§ **REQUIRED WORK**:
Omit the pictures and reproduce the rest of the listing exactly.

§ **RECORDED DATA**:
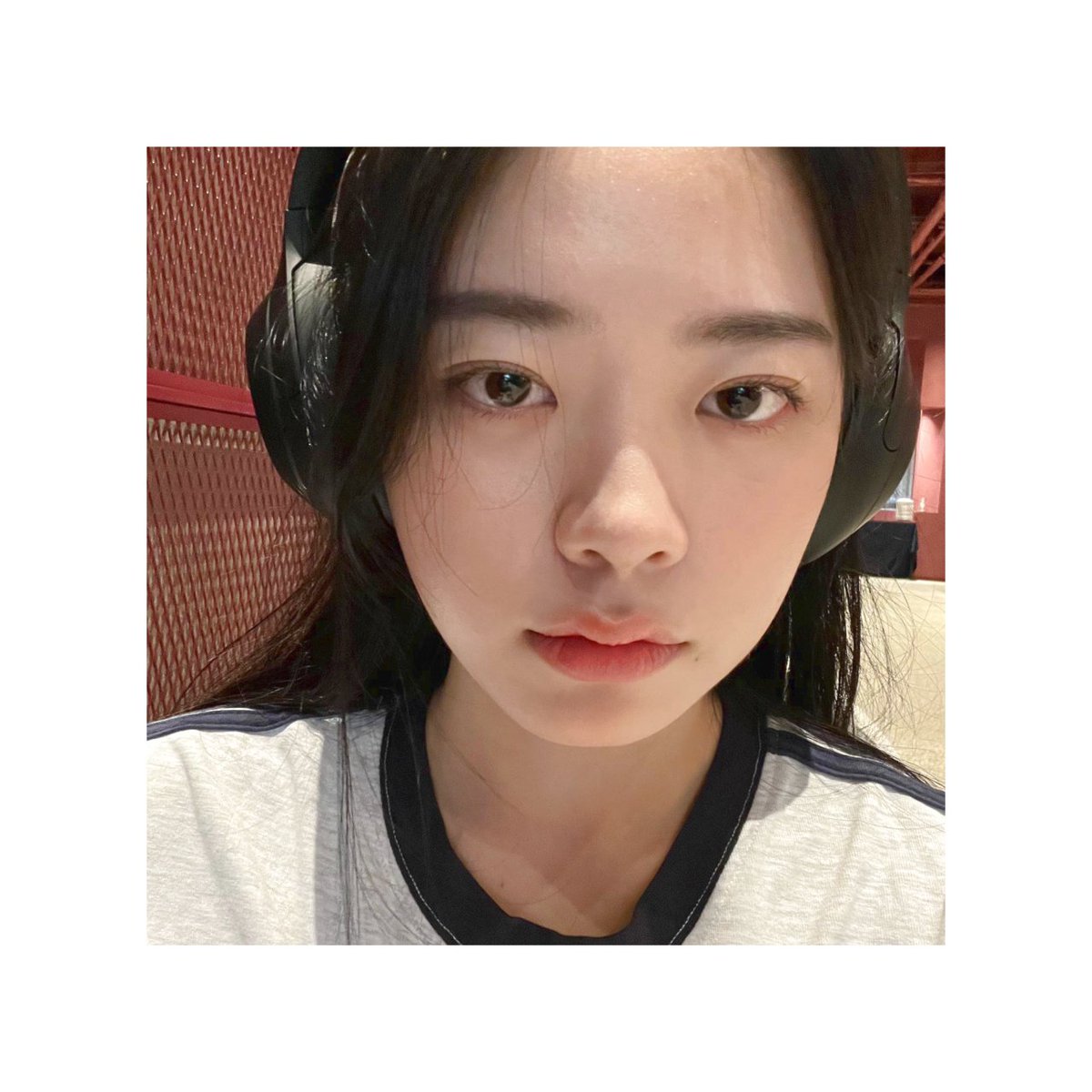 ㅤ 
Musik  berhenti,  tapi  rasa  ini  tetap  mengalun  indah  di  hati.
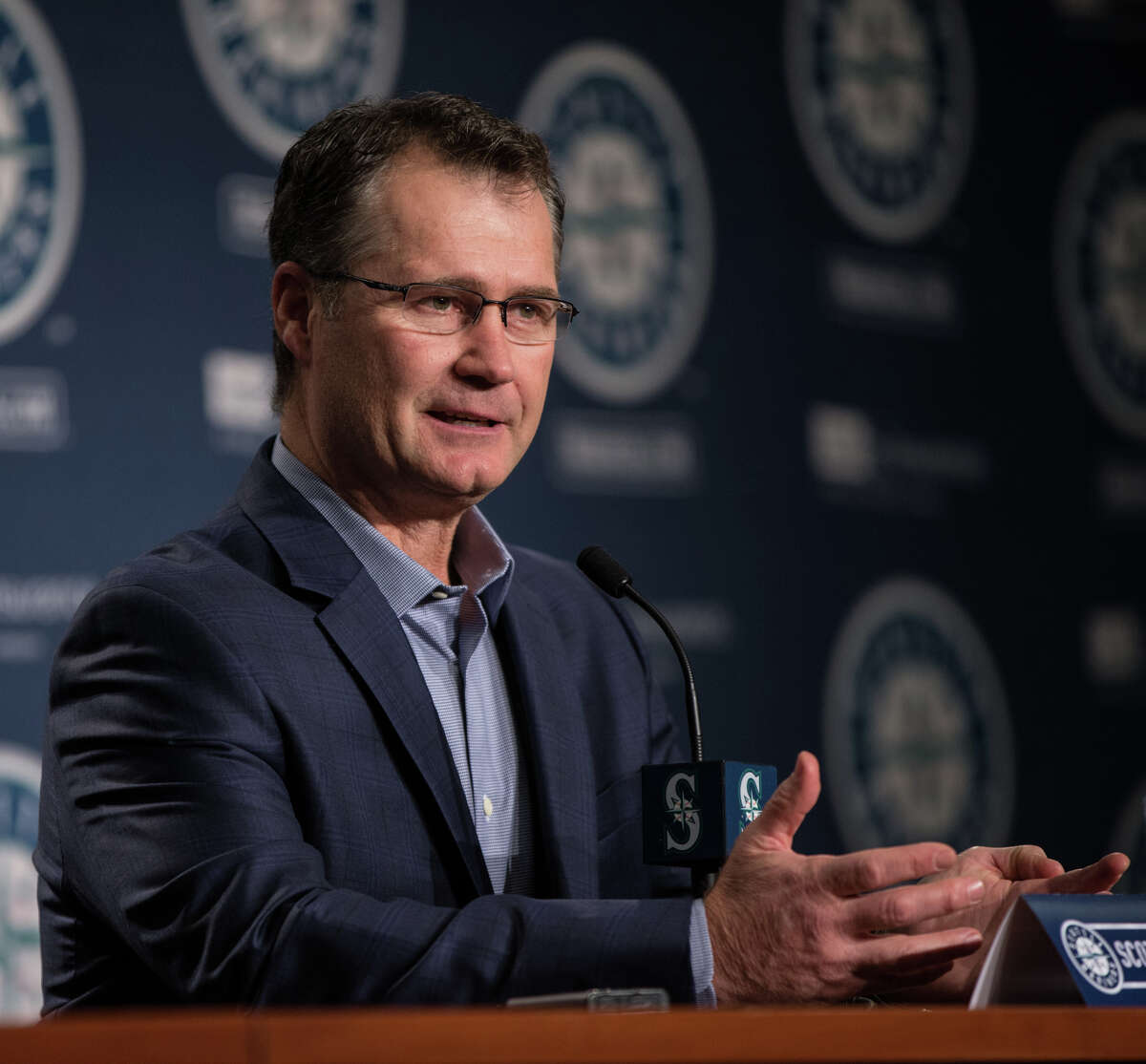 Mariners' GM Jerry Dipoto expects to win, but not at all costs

§ **RESPONSE TO THIS EXERCISE**:
 ㅤ 
Musik  berhenti,  tapi  rasa  ini  tetap  mengalun  indah  di  hati.
 Mariners' GM Jerry Dipoto expects to win, but not at all costs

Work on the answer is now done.